As the Moody’s Analytics Structured Issuer Solutions team continues to interact with borrowers and lenders through this time of COVID-19 and low term securitization volumes, it is important to understand ramifications within the broader asset-based lending markets. We continue to review how borrowers can source liquidity and how lenders are evolving practices to meet the market’s needs.
This month’s Cheeseburger in Paradis takes a closer look at the potential fallout for the asset-based lending sector. We highlight those who rely on the sector for liquidity, ways Moody’s Analytics Structured Issuer Solutions team is working to assist in isolating anomalies, optimizing borrowers’ needs within this market, and available utilities to assist in streamlining the submission and reconciliation of the borrower/lender relationship.

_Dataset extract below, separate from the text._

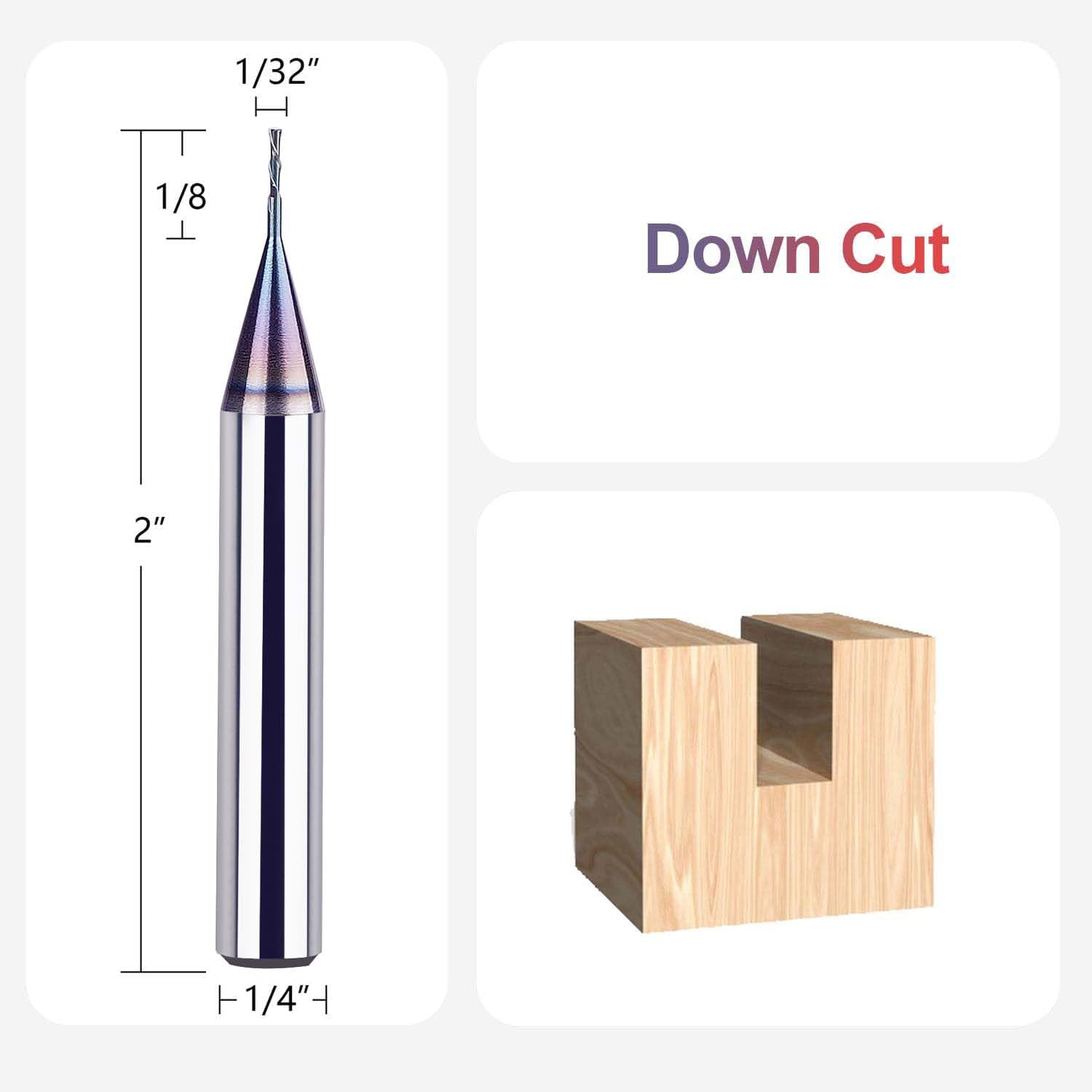 SpeTool Small 1/32 DIA Downcut End Mill 1/4 Shank Carbide SPE-X Router Bit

The start of any new month is a critical indicator for the financial positioning of every business, but none more so than those at risk of financial and cashflow stress. In a normal month, especially in recent years of general economic growth, research demonstrates that around 85% of invoices/current receivables are settled within the first 10 business days. The third quarter will be an interesting barometer in understanding the working capital implications for businesses, especially, again, those that initiated broad payment deferral programs. If, as anticipated, payments continue to slow down materially, and additional government-based stimulus does not quickly make it into the markets, we are likely to see a large number of businesses breach their debt service compliance covenants. These businesses will be forced to borrow at unfavorable rates. Although many borrowers may have taken advantage of re-financing opportunities when the pandemic hit, it is still likely that existing and new originations will impact cost of funding and liquidity.
Lenders will need to consider their response and associated ramifications carefully as lending portfolios are almost certain to come under credit stress. Opportunities for new lending are scarce as there is attrition in the borrower market. Further, an influx of nonbank lenders look to gain market share from the global banks. New funding opportunities continue to be discussed virtually, which is not ideal and thus it is more likely in the short-term that credit analysis and risk functions will be focused on managing existing borrower client’ challenges instead of writing new deals. This is especially true if there is no current business relationship. That being said, we have heard from lenders that there should be a significant uplift in deals once businesses can physically start returning to work. This will call upon ABL related funding to help businesses recover and grow, albeit with heightened scrutiny and potentially tightened underwriting standards.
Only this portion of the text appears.